I don’t have any way to back this up, but I have a gut feeling that the very powerful IDEs that most Java programmers lean on to help them craft their code also let them indulge the worst of their bad angels. Instead of encouraging tight and elegant code, they seem to promote ever-growing densely incomprehensible codebases that sprawl out so much that they become impossible to comprehend and navigate without that very IDE.
To challenge this feeling, I used Android Studio and then the full version of IntelliJ for over a month. While the tools are very capable, I felt a bit like I was driving an SUV with the kind of super-soft power steering which removes all road feel. Comfortable, but maybe too comfortable—like the comfort that tempts you to sleep when you’re driving down a wide-open highway.
One day—almost without realizing it—I went back to the lightweight toolset I’ve used for most projects since I worked at JavaSoft: a decent text editor and the command line.

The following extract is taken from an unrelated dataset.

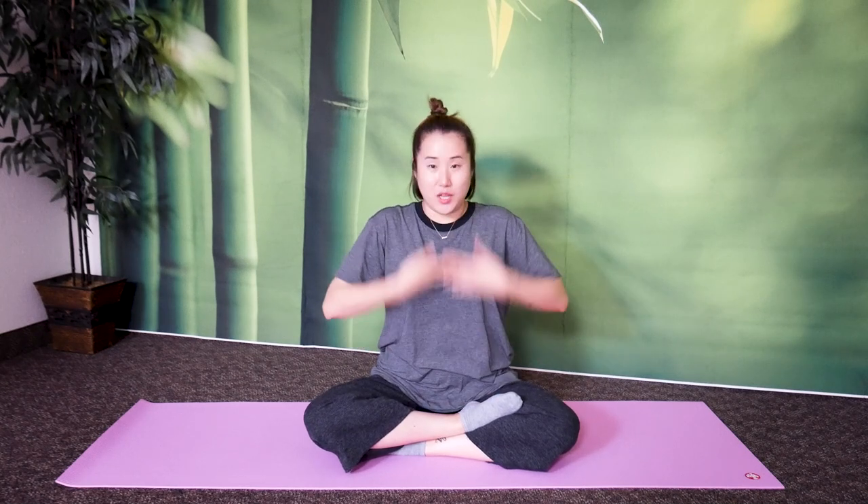First, let's start out with a little bit of tapping of the chest. A lot of heat energy gets stuck here when we're stressed out, and when there's blockage here it goes up and it makes you dizzy. So bring your hands into a cupped shape, relax your wrists, and simply tap the middle of your chest, the center line here.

It worked well for me then. It still does today.
At conferences in the early to mid-2000s, I would frequently quip that Java was the Cobol of the 21st Century. That always got a reaction. Of course, I did partially mean it as the barb it sounds like. It takes a lot of boilerplate to do simple things in Java. But, I also meant it as acknowledgement of Java’s dominance and usefulness in many fields, including finance. Java might have become boring, but it was usefully boring. Not a bad thing, really.
A decade later, Java—especially the language—is as still boringly relevant as ever where it built up traction. And, truth be told, I’m still not eager to jump back into those spaces. Despite the small role I played helping to define it, Java EE is meant for building a different kind of application than I ever was interested in.

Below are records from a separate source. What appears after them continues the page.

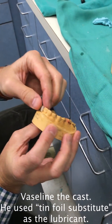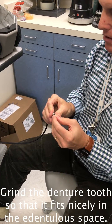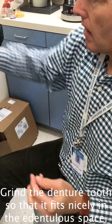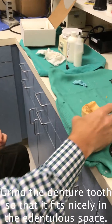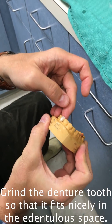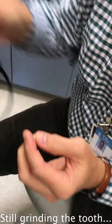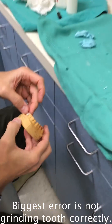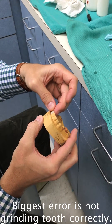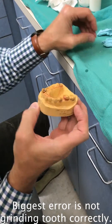So I'm fitting this tooth in — we're going to need to sort of custom grind it. One of the biggest errors in my estimation is just literally sticking a tooth there and it ends up looking like garbage. The biggest error people make is taking off the wrong part of the tooth and then you continually cannot fit the tooth where you need it to go.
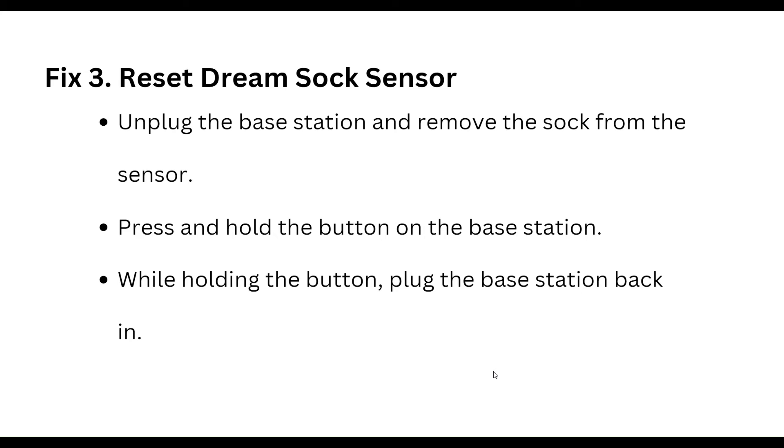To reset the Dream Sock sensor, unplug the base station and remove the sock from the sensor. Press and hold the button on the base station, then while holding the button, plug the base station back in.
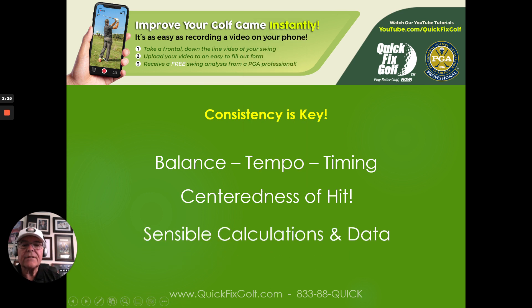You also need sensible calculations and data. I hear it all the time: 'I hit my 6-iron 220.' Then the next time it's 183, then 220 again, then 190 — that's not going to work. You want to have the right balance, tempo, timing, centeredness of hit, and sensible calculations and data so you're drawing from realistic numbers.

Surprisingly enough, however, there is excitement happening in places outside of Java’s traditional stronghold. Languages like Clojure and Scala unlock functional programming with robust concurrency models on the VM and their REPL consoles bring the same kind of ability to poke at code that Ruby’s irb gives. And, while they are statically typed, their language doesn’t smack you in the face with a blunt hammer with it. Frameworks like Akka and Play bring a whole new way to think about and build scalable applications. It’s all an energizing breath of fresh air.
Another thing I used to say in public gatherings—especially after somebody inevitably gave me shit for using XML as a build file format—was that I would be more than happy to see the tool that would replace Ant. I thought Gradle might be it, but in my experience the last few months, it’s been a lot more fussy than I’d like. Scala’s sbt, on the other hand, is turning out to be much more my speed. The moment I built and installed my first Android app written in Scala onto my Nexus over a USB cable from the command line instead of using an IDE, well, that was pretty eye opening.

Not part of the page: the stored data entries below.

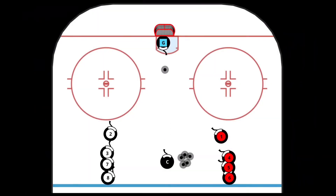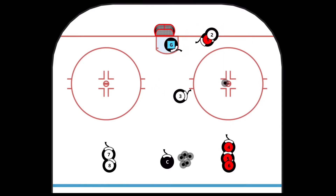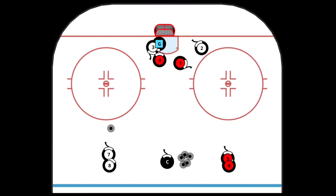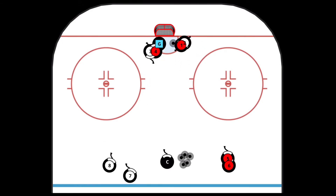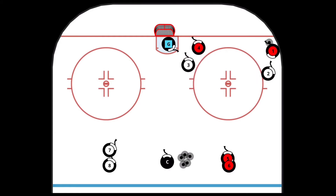Coach starts playing the small area game by firing the puck off the goaltender, who deflects it to one side or the other. The team that picks it up must take it below the goal line before passing it up to the next player in line, who makes a quick shot to the net. The first two players must go to the front of the net and work on net-front battles. Each time a defending team picks up the loose puck, they must go below the goal line before throwing it up to the next shooter in line.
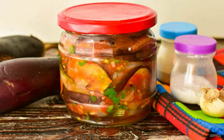Eggplants according to this recipe are very tasty. They can be prepared not only on a normal day, but also rolled up for the winter in cans. They are combined with any side dishes and meat dishes.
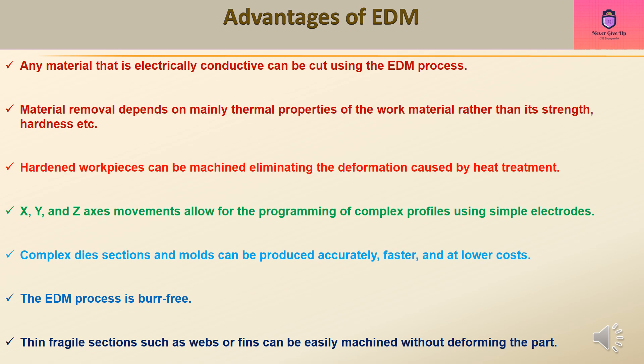Advantages of EDM: Any material that is electrically conductive can be cut using the EDM process. Material removal depends mainly on the thermal properties of the work material rather than its strength or hardness. Hardened workpieces can be machined, eliminating deformation caused by heat treatment. X, Y, and Z axis movements allow for the programming of complex profiles using simple electrodes. Complex die sections and molds can be produced accurately, faster, and at lower costs. The EDM process is burr-free, and thin fragile sections such as webs or fins can be easily machined without deforming the part.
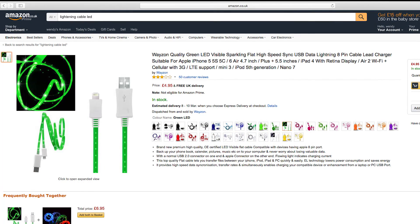This cable is only available in green, but costs a lot less than most other LED cables, coming in at only £4.95 from Amazon.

If you’d told me a year ago that I’d be working with Java again and enjoying it, I’d have laughed at you. Or just snorted and looked at you strangely. Even now, I’m rather surprised at the whole idea. More surprising is the enthusiasm with which I find myself checking what’s available on the VM.
Maybe it’s a case of playing with new and shiny things. Maybe in a few months, I’ll be deep into Go. Who knows. One thing for sure, when I contemplate the next bit of code I want to write, Ruby isn’t necessarily the first language I think of anymore. And that comes as quite the surprise.